Troisièmement, en mai, Richelieu fit un traité secret avec la Bavière (rival secret de l'Empereur, ennemi public de Gustave), que la France eût voulu faire respecter du roi de Suède pendant que le Bavarois envoyait contre lui Tilly.
Honteuse politique et misérable imbroglio. Mais les événements déchirèrent les fils brouillés de cette toile d'araignée.
D'abord, le cabinet jésuite de Ferdinand, très-sottement rusé pour ne tromper personne, déclare aux protestants qu'il renonce à leur faire des procès religieux pour les restitutions; on ne fera que des procès civils; les gens de loi de l'Empereur vont s'établir chez chaque prince et s'immiscer partout dans le régime intérieur des États. En réalité, plus de princes, plus de gouvernements; la justice impériale aurait remplacé tout.
Il s'éleva un cri d'indignation contre une telle hypocrisie. Et, au même moment, un fait horrible perça le cœur de l'Allemagne, Magdebourg brûlé et quarante mille hommes égorgés par Tilly au cri de Jésus! Maria! Lui-même écrit paisiblement: «On n'a rien vu de tel depuis la ruine de Jérusalem.»

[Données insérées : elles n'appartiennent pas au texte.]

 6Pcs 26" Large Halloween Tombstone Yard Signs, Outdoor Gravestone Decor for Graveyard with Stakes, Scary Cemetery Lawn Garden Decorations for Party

Ce fut le fruit des hésitations de l'ivrogne électeur de Saxe, qui, parmi les brouillards du vin, croyait tenir la balance entre Gustave et l'Empereur, ne faisait rien et paralysait tout.
Tilly marcha vers lui, et, dans sa peur, il fallût bien alors que le Saxon se réfugiât sous la main de Gustave. Celui-ci entraîna encore le Brandebourg, et il avait déjà le Mecklembourg, la Poméranie. Le courageux landgrave de Hesse, si loin de sa protection, seul sur le Rhin, se déclarait aussi pour lui.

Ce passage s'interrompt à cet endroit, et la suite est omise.